The group validated some of these signals with fieldwork in regions just outside the Indigenous territory. They have not yet worked inside Vale do Javari itself.
The researchers found that small paths, recurring burn scars, and subtle canopy disruptions appear to align with known routes used for illegal logging, poaching, and other forms of encroachment. “It’s not the classic pattern of a large clear-cut,” said de Oliveira. “It’s a much slower, quieter process—fire escaping from pasture or burning the same patch of forest two or three times until it loses its resilience.”
Research as a Conservation Tool
“Repeated fire—especially combined with extreme drought—moves the system toward collapse.”
The gradual erosion of forest health is one of the team’s main concerns. “If a forest burns once, it can recover,” de Oliveira said. “But repeated fire—especially combined with extreme drought—moves the system toward collapse. You may not see deforestation immediately, but the structure and function of the forest are already changing.”
De Oliveira and his fellow researchers hope their maps will serve as a tool for early intervention, particularly in the buffer zones with the highest fire risk.

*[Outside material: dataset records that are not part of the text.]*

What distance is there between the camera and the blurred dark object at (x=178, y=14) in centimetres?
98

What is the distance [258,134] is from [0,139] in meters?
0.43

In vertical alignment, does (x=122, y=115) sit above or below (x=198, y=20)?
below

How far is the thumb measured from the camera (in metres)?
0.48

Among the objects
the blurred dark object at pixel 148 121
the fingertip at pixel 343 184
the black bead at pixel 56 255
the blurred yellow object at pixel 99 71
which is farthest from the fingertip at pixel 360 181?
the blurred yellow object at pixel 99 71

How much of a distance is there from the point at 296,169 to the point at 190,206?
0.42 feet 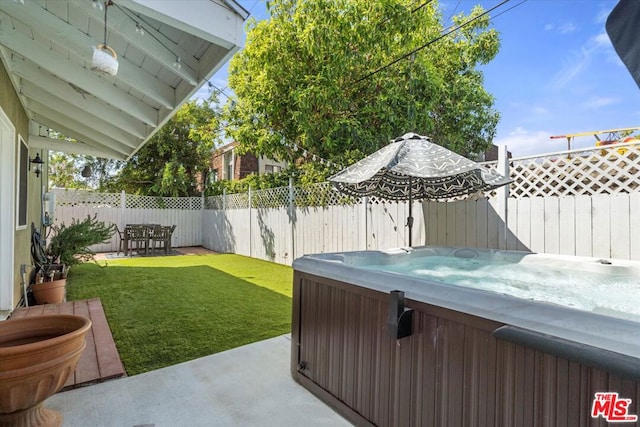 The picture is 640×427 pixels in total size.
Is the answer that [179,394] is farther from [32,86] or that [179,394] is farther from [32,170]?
[32,170]

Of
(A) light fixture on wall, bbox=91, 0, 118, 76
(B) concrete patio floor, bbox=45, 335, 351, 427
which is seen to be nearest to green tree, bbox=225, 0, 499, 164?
(A) light fixture on wall, bbox=91, 0, 118, 76

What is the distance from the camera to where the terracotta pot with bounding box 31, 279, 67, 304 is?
432 centimetres

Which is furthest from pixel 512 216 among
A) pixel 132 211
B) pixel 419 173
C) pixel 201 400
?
pixel 132 211

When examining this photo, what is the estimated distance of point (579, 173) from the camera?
3.81 m

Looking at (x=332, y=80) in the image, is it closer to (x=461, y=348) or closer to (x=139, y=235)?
(x=461, y=348)

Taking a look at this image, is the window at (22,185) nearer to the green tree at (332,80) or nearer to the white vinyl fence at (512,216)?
the green tree at (332,80)

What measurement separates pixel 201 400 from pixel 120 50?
2967mm

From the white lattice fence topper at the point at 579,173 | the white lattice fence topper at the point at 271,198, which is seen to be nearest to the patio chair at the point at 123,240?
the white lattice fence topper at the point at 271,198

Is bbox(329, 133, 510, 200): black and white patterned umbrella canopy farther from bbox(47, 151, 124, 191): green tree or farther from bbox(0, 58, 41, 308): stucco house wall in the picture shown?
bbox(47, 151, 124, 191): green tree

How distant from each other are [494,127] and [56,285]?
489 inches

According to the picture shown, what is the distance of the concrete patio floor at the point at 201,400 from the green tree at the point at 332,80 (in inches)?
208

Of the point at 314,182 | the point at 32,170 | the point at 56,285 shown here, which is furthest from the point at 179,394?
the point at 314,182

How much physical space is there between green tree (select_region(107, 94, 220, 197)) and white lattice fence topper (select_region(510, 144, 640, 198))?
10601 mm

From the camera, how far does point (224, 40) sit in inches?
88.1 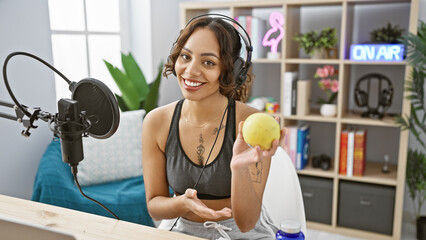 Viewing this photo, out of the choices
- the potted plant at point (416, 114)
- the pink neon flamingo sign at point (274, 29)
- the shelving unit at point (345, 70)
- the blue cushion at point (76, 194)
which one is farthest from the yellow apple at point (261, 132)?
the pink neon flamingo sign at point (274, 29)

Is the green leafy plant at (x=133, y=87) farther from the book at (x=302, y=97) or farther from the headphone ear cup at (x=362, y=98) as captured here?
the headphone ear cup at (x=362, y=98)

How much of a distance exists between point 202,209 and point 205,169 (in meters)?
0.33

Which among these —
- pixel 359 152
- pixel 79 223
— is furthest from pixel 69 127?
pixel 359 152

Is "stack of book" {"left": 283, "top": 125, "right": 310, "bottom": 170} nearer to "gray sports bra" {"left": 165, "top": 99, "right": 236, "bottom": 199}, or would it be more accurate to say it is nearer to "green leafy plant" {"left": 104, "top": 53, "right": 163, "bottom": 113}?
"green leafy plant" {"left": 104, "top": 53, "right": 163, "bottom": 113}

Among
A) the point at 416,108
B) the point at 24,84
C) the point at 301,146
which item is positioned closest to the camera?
the point at 24,84

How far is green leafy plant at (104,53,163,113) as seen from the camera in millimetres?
2682

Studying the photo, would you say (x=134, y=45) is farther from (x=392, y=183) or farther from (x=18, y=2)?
(x=392, y=183)

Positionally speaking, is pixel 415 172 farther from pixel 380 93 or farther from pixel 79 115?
pixel 79 115

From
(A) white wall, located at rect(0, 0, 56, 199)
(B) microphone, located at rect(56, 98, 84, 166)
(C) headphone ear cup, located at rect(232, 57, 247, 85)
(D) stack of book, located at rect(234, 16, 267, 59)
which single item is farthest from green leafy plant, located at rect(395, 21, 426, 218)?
(A) white wall, located at rect(0, 0, 56, 199)

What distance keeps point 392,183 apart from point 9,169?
2.45 metres

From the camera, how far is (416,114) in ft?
8.95

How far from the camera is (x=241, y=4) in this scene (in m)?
2.76

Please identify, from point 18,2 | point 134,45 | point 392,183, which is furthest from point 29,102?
point 392,183

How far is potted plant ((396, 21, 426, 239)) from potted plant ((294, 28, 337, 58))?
0.46 meters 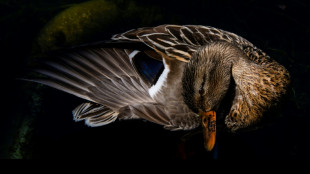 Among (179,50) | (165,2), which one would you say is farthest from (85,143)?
(165,2)

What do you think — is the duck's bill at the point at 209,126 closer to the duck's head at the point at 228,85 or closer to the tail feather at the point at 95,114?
the duck's head at the point at 228,85

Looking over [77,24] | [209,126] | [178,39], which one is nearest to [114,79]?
[178,39]

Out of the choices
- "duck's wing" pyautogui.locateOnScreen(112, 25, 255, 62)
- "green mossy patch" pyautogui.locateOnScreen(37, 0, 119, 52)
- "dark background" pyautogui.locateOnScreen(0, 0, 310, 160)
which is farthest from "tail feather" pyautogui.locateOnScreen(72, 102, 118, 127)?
"green mossy patch" pyautogui.locateOnScreen(37, 0, 119, 52)

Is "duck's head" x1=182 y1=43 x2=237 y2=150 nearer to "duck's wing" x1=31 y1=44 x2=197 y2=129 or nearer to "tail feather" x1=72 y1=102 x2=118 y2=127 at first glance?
"duck's wing" x1=31 y1=44 x2=197 y2=129

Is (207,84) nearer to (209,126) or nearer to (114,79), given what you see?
(209,126)

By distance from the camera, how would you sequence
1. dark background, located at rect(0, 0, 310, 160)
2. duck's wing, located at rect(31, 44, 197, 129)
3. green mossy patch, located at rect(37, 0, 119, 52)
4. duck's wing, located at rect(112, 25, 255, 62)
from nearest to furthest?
duck's wing, located at rect(31, 44, 197, 129) < duck's wing, located at rect(112, 25, 255, 62) < dark background, located at rect(0, 0, 310, 160) < green mossy patch, located at rect(37, 0, 119, 52)

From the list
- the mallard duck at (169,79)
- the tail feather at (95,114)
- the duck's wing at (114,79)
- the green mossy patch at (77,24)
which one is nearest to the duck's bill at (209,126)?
the mallard duck at (169,79)

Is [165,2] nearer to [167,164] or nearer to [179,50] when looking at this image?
[179,50] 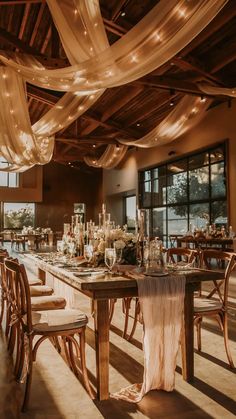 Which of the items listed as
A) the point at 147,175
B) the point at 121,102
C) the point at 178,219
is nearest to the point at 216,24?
the point at 121,102

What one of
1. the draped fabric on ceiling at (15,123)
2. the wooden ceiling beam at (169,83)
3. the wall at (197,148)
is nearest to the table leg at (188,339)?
the draped fabric on ceiling at (15,123)

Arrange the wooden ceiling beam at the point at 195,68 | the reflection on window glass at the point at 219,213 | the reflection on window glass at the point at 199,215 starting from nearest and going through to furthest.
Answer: the wooden ceiling beam at the point at 195,68 < the reflection on window glass at the point at 219,213 < the reflection on window glass at the point at 199,215

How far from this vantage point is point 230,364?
2.76 m

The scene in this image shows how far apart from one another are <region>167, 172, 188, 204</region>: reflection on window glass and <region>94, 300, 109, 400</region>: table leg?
10.3 metres

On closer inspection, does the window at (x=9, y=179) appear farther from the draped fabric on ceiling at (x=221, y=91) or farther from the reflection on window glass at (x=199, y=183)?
the draped fabric on ceiling at (x=221, y=91)

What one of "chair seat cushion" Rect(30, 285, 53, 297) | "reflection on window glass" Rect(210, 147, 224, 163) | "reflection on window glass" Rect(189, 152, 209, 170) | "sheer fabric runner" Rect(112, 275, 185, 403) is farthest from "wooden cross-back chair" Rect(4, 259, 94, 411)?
"reflection on window glass" Rect(189, 152, 209, 170)

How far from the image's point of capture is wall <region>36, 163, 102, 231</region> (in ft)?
63.8

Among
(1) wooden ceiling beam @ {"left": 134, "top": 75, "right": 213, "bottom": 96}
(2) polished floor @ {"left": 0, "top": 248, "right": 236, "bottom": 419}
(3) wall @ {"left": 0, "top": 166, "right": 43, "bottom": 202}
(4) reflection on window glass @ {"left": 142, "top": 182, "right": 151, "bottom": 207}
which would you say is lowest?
(2) polished floor @ {"left": 0, "top": 248, "right": 236, "bottom": 419}

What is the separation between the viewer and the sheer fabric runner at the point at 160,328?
2.35 metres

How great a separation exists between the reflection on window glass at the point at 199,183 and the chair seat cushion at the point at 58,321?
9.15m

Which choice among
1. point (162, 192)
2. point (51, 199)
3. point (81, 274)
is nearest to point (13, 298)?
point (81, 274)

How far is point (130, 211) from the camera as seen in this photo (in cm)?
1747

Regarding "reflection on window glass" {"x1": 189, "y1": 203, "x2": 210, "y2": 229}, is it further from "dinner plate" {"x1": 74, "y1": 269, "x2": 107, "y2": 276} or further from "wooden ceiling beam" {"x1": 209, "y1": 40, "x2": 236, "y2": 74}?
"dinner plate" {"x1": 74, "y1": 269, "x2": 107, "y2": 276}

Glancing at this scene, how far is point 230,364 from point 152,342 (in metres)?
0.81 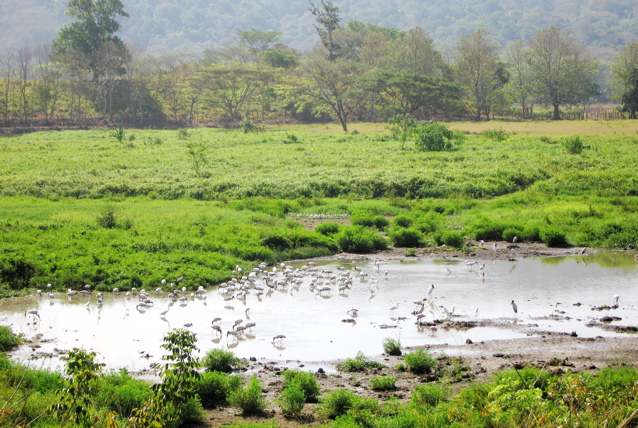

The next step, de Oliveira said, is to work with local and federal agencies to establish targeted conservation strategies that extend beyond Indigenous land boundaries.
“Protection cannot stop at the line on a map,” he added. “We need buffer zone policies and monitoring systems that recognize how these landscapes are connected. Vale do Javari is still a stronghold, but the data show that what happens around it will determine its future.”